Cette résistance subtile a gagné en popularité, non seulement en Cisjordanie, mais aussi dans les autres communautés palestiniennes et – même – chez les Israéliens. Le journal israélien de langue anglaise Haaretz a publié un article sur la popularité croissante du hip-hop palestinien à Tel Aviv, mettant en relief les vedettes montantes de Ramallah, Nazareth et Haïfa.

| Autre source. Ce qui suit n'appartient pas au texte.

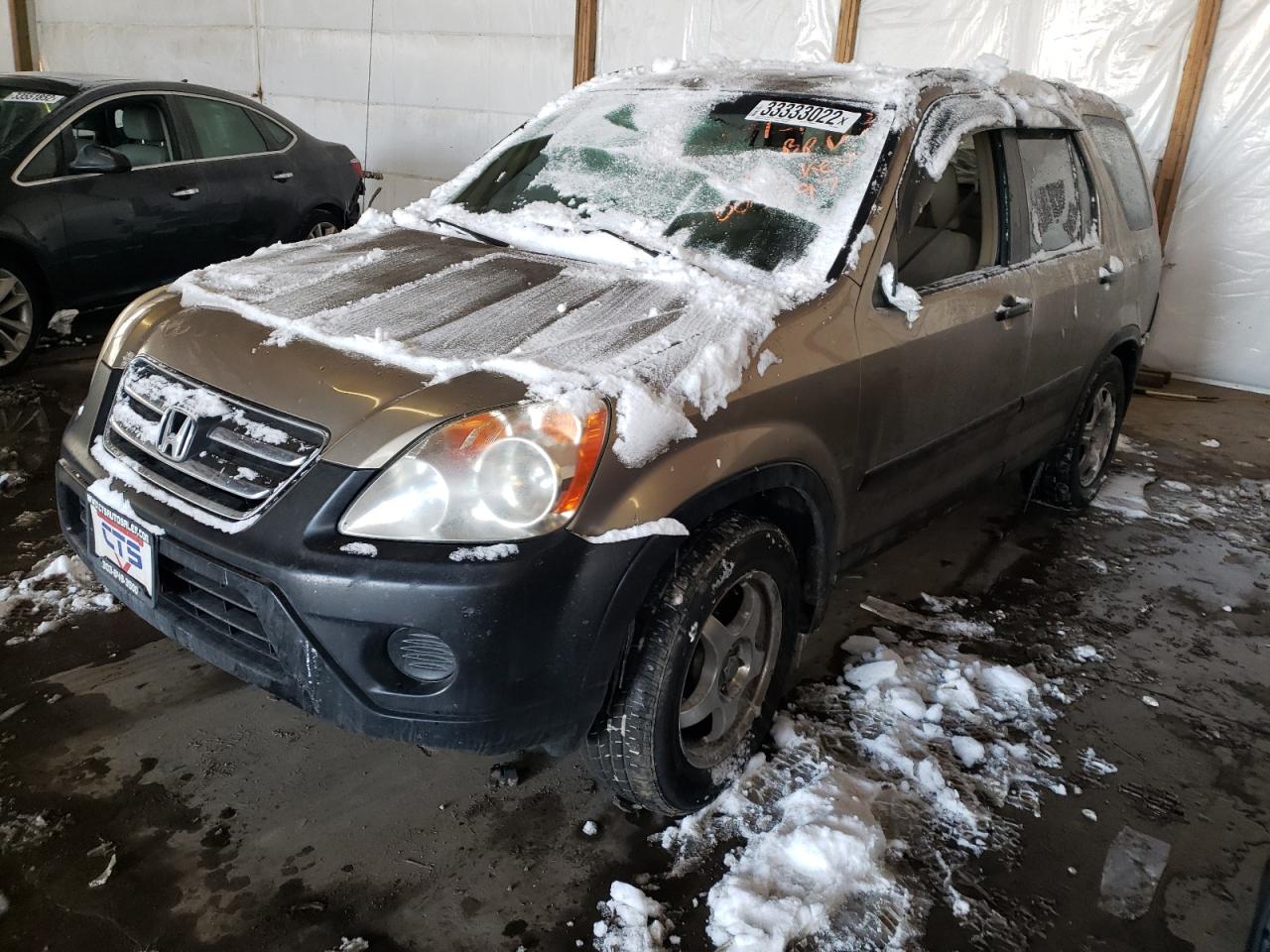 Photo 2 from auction – 2005 HONDA CR-V LX with VIN JHLRD68515C005697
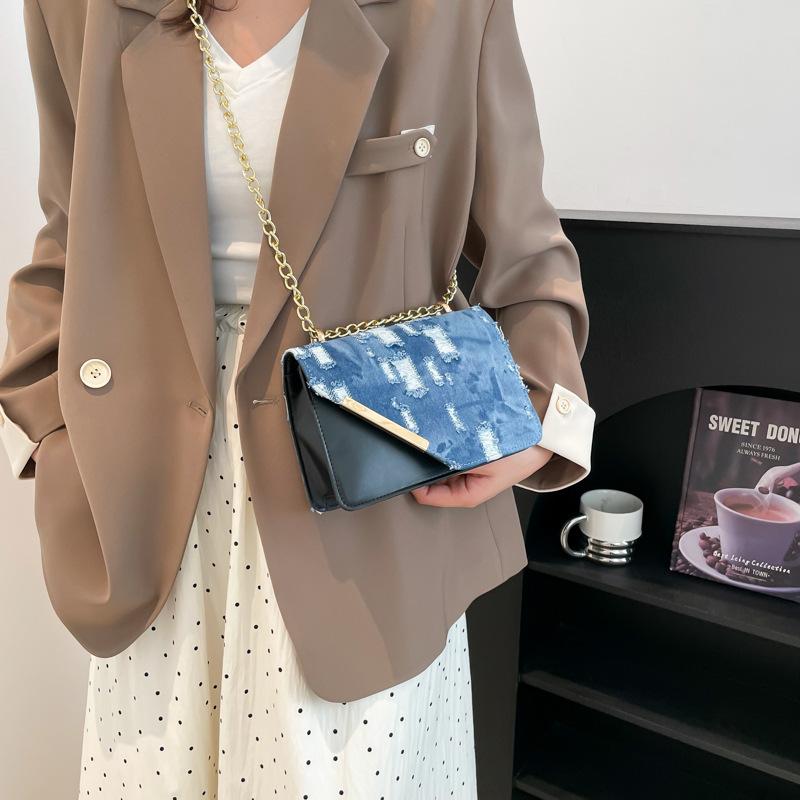 2025 spring new niche design casual shoulder bag women's bag tide this year popular contrasting color messenger small square bag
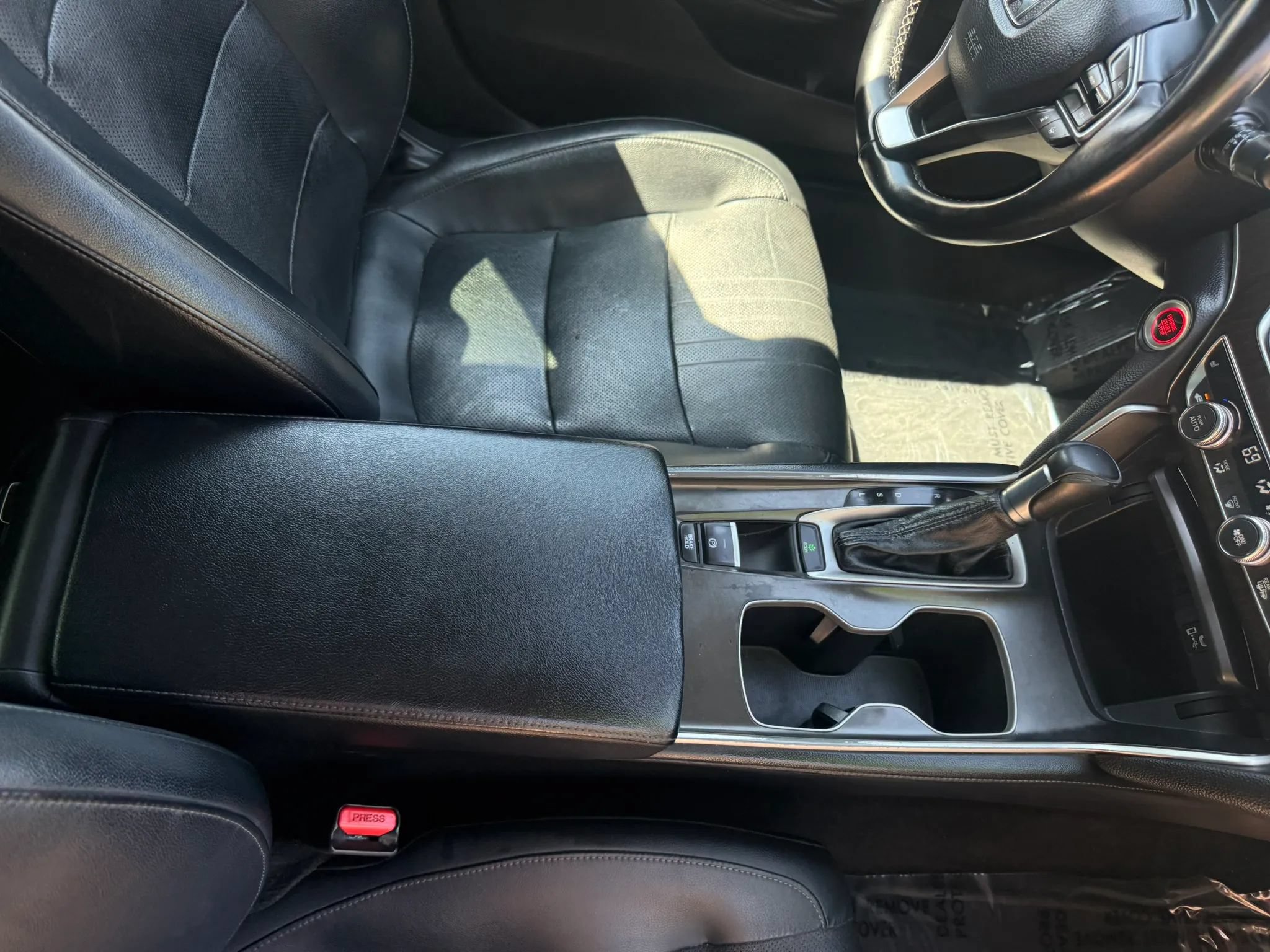 Used 2018 Honda Accord EX-L image 19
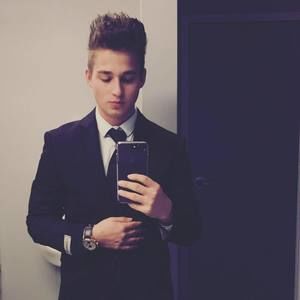 Meet your Posher, Cory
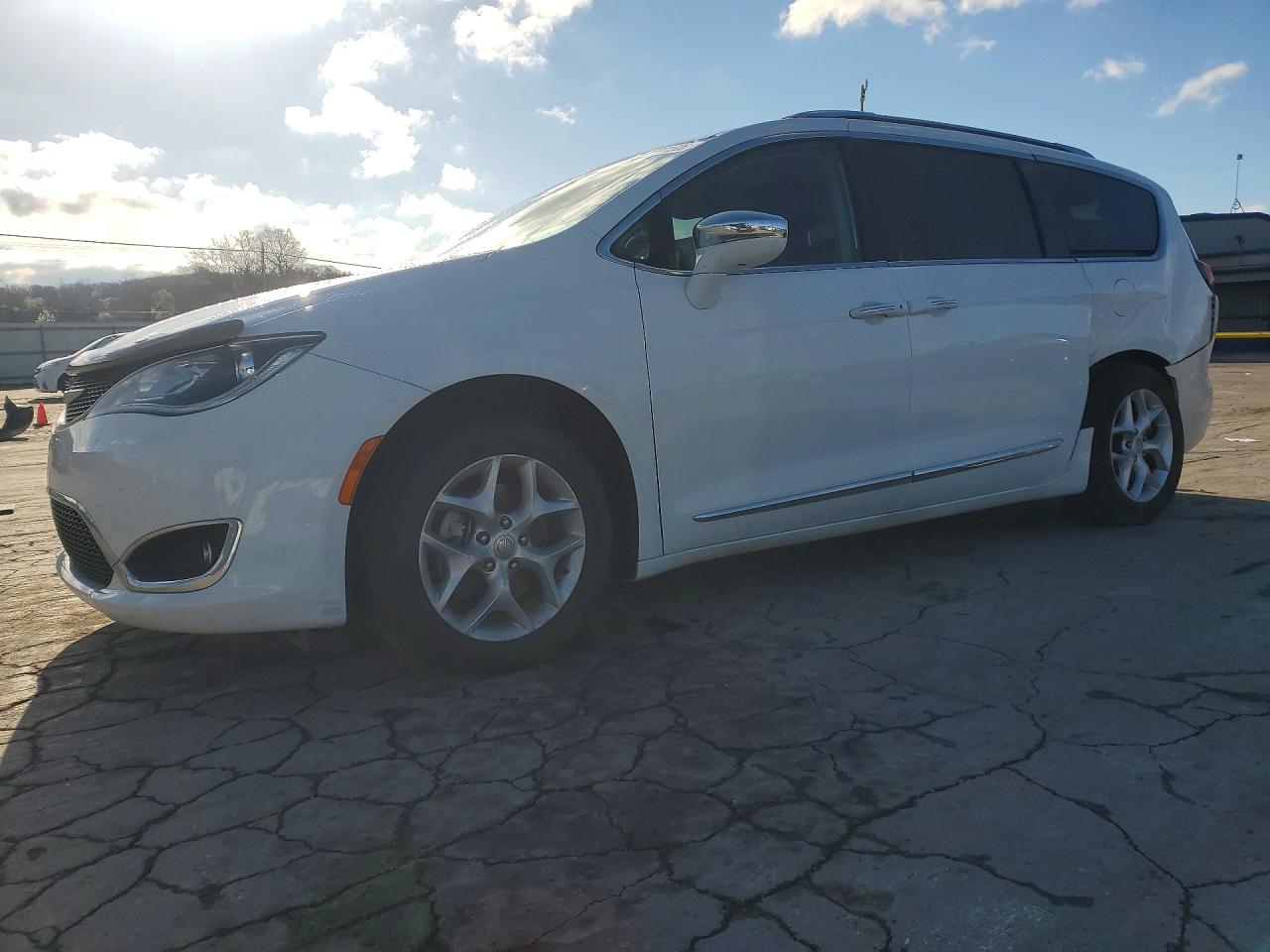 2020 Chrysler Pacifica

Pendant la fête de Boiler Room à Ramallah, Deborah Ipekel, programmatrice et réalisatrice adjointe de Palestine Underground détaille la somme de commentaires positifs venus d’Israéliens. « Cela a dû être très surprenant pour plein de gens de découvrir un nouvel aspect de la Palestine », continue-t-elle à dire. « Un commentaire disait : ‘Plein d’amour depuis Israël ! Puissions nous tous être capables de vivre en paix et en harmonie les uns avec les autres. L’ensemble est absolument fantastique, J’aimerais tant pouvoir venir un jour à Ramallah et même y faire une rave ou deux.’ Pour les artistes de Ramallah, le spectacle de Boiler Room fait progresser la scène. Il leur donne la motivation pour continuer ce qu’ils font. Ils m’ont dit que le spectacle a été l’une de leurs plus fortes célébrations à ce jour. »

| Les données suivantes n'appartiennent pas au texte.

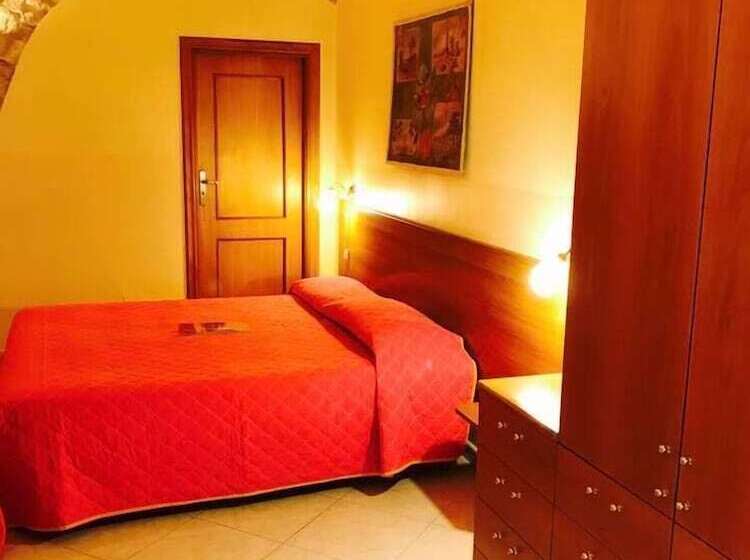 بنسيون Corato Room Economy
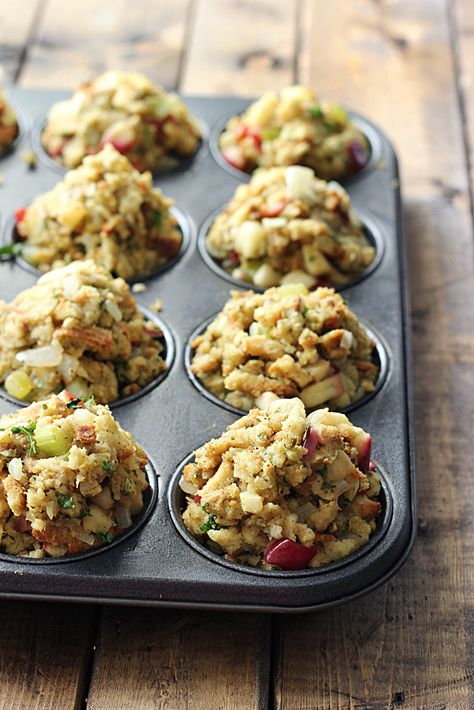 Celebrate the holidays with stuffing done differently. Make some stuffing muffins! These apple and onion stuffin' muffins are crunchy and full of fun! Apple And Onion Stuffing Muffins, Onion Muffins, Stuffin Muffins, Stuffing Muffins, Onion Stuffing, Cauliflowers, Thanksgiving Leftover Recipes, Thanksgiving Cooking, Thanksgiving Stuffing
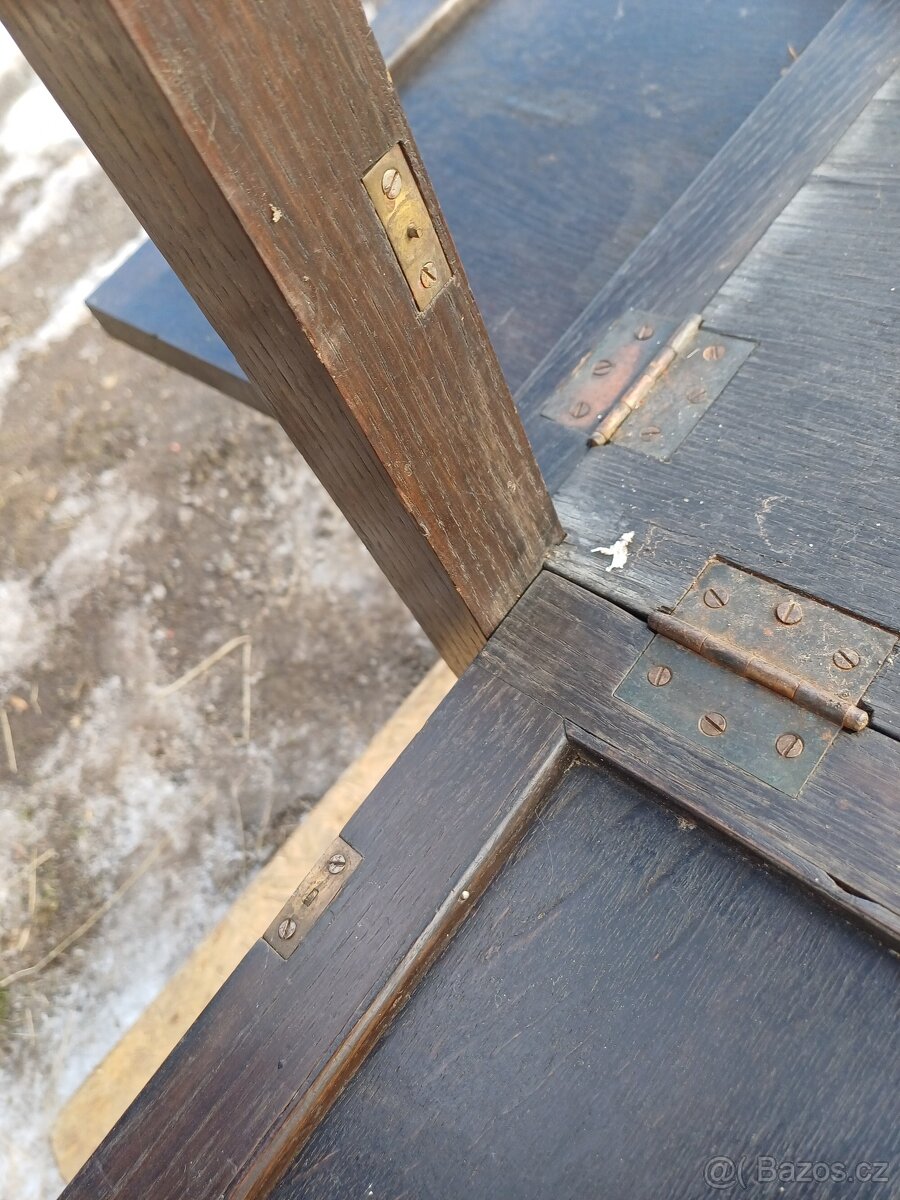 Starožitný servírovací stolek - 9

L’influence de Saleb Wahad peut aller loin, mais ils ont encore à se produire au-delà de la Cisjordanie. « Je n’ai jamais pu jouer en [Israël] », confirme Muqata’a, bien que sa carrière ait déjà plus de dix ans. « J’ai essayé de jouer à Haïfa depuis quatre ans. Le Jazar Crew m’a invité, mais cela n’a pas marché parce que je n’ai pas obtenu l’autorisation d’y aller, alors même que j’en suis originaire. »

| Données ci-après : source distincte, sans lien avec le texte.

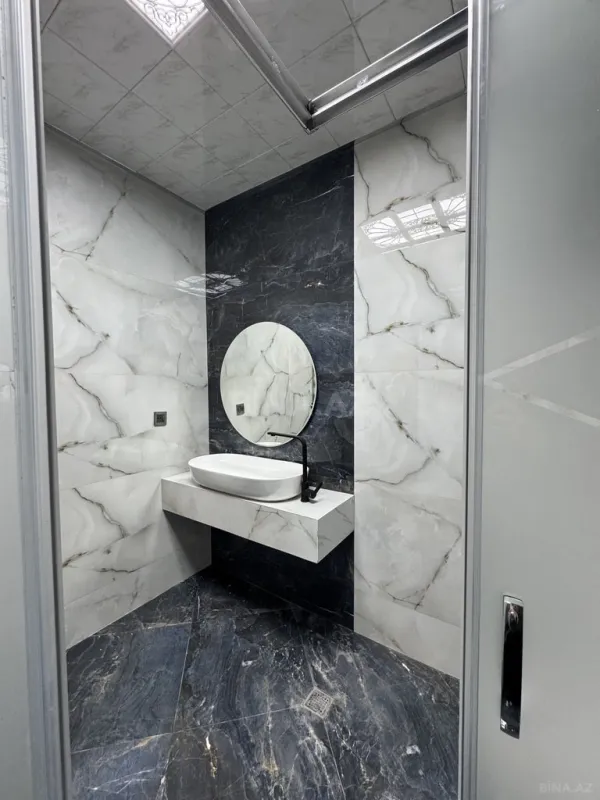 Satılır 5 otaqlı həyət evi 250 m²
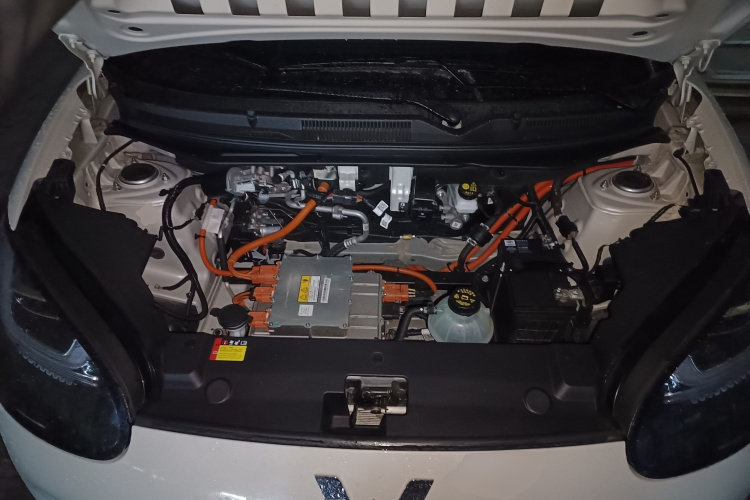 五菱汽车 五菱缤果 2024款 333km 悦享款机舱底盘24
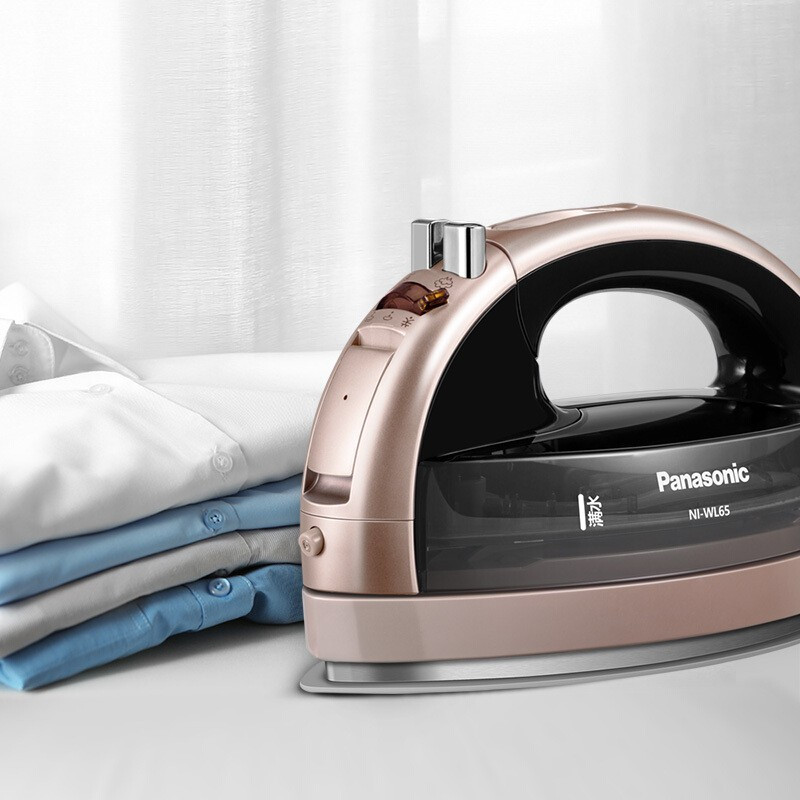 松下(panasonic)挂烫机 挂烫机家用 手持挂烫机 熨烫机 熨斗家用 蒸汽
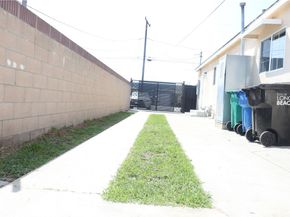 2143 W Arlington, Long Beach CA 90810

Quoique centré sur Ramallah, le documentaire explore la scène musicale underground palestinienne à travers Israël, regardant aussi les clubs sur la côte à Jaffa et à Haïfa. Le contraste entre les régions est visible dans la liberté des artistes. Tandis que les Palestiniens avec des passeports israéliens peuvent aller en Cisjordanie relativement facilement, et organiser des fêtes sans trop de difficultés, les restrictions de circulation sur les résidents de Ramallah ont affecté leur capacité à étendre leur musique au-delà de la ville et à communiquer avec les Palestiniens en dehors du territoire.

Muqata’a n’a pas encore joué en Israël, bien qu’ayant demandé à aller à Haïfa ces quatre dernières années (Adlan Mansri)

Quelque 1.800.000 Palestiniens vivent en Israël, Haïfa, ville de la côte nord, abritant l’une des plus grandes communautés palestiniennes. La ville est amusante et dynamique, mélange de Tel Aviv et de Jérusalem. Beaucoup plus paisible que ses voisines, elle est connue pour être un paradis relatif pour la coexistence entre les populations juive et musulmane.

Ceci n‘empêche pas les Palestiniens de se sentir mis à l’écart de la culture des clubs et c’est pourquoi Jazar Crew a commencé à lancer ses propres fêtes, pour proposer des espaces sûrs à la jeunese palestinienne, à l’écart des regards indiscrets des conservateurs palestiniens et des autorités israéliennes. Constitué d’amis Ayed, Reojeh, Riyad et Hilal, Jazar Crew a démarré à cause du manque de vie nocturne offerte aux Palestiniens.

« Il n’y a rien pour nous, en tant que Palestiniens vivant en Israël », dit Ayed, se roulant un joint sur la table chez lui. « Chaque fois que vous sortiez dans les clubs, vous vous sentiez comme un intrus. Au bout de quelques années, nous avons réalisé que OK, arrêtons d’être des consommateurs, devenons des producteurs. »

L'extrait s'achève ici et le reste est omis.